EXERCISE DATA:
+---+

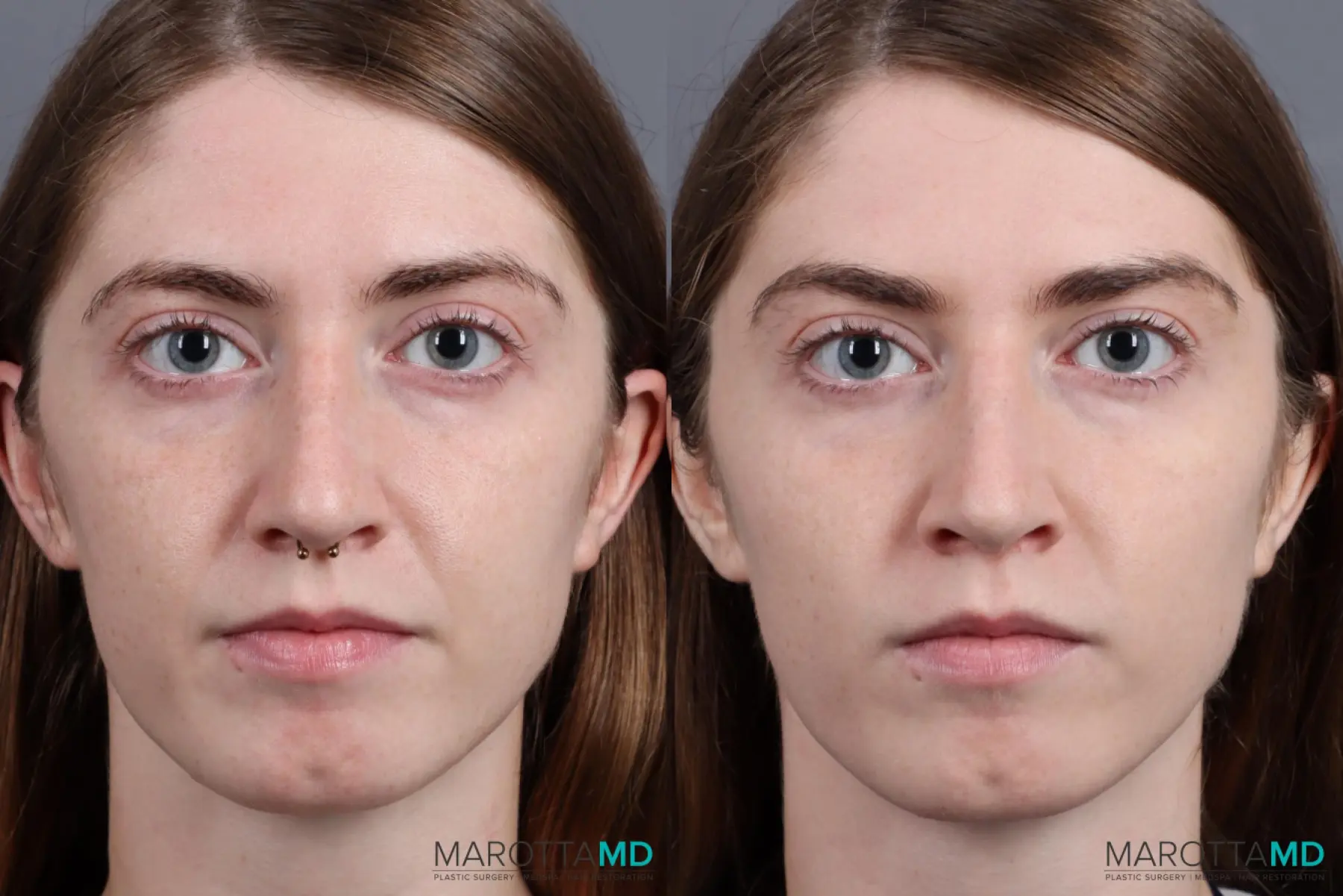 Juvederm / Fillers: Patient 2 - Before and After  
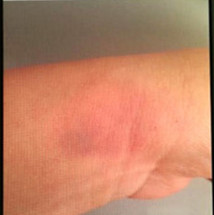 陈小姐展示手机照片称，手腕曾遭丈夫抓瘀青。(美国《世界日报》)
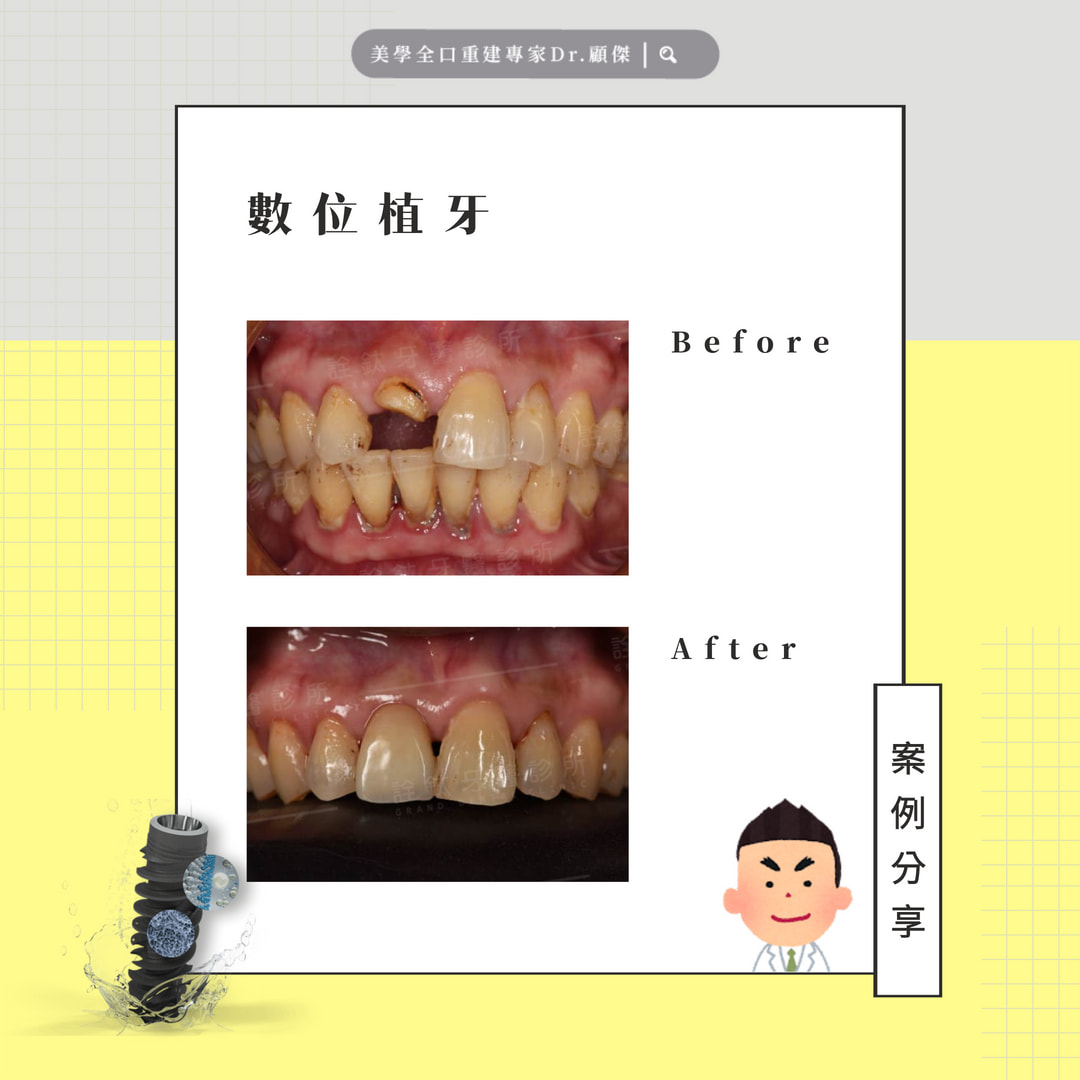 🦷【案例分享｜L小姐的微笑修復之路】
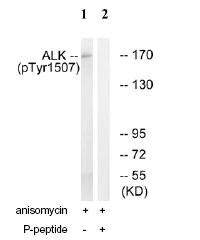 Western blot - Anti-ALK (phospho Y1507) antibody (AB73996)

+---+

All of the lines above must be printed again exactly, and no picture may appear in the copy.

RESULT BELOW:
 Juvederm / Fillers: Patient 2 - Before and After  
 陈小姐展示手机照片称，手腕曾遭丈夫抓瘀青。(美国《世界日报》)
 🦷【案例分享｜L小姐的微笑修復之路】
 Western blot - Anti-ALK (phospho Y1507) antibody (AB73996)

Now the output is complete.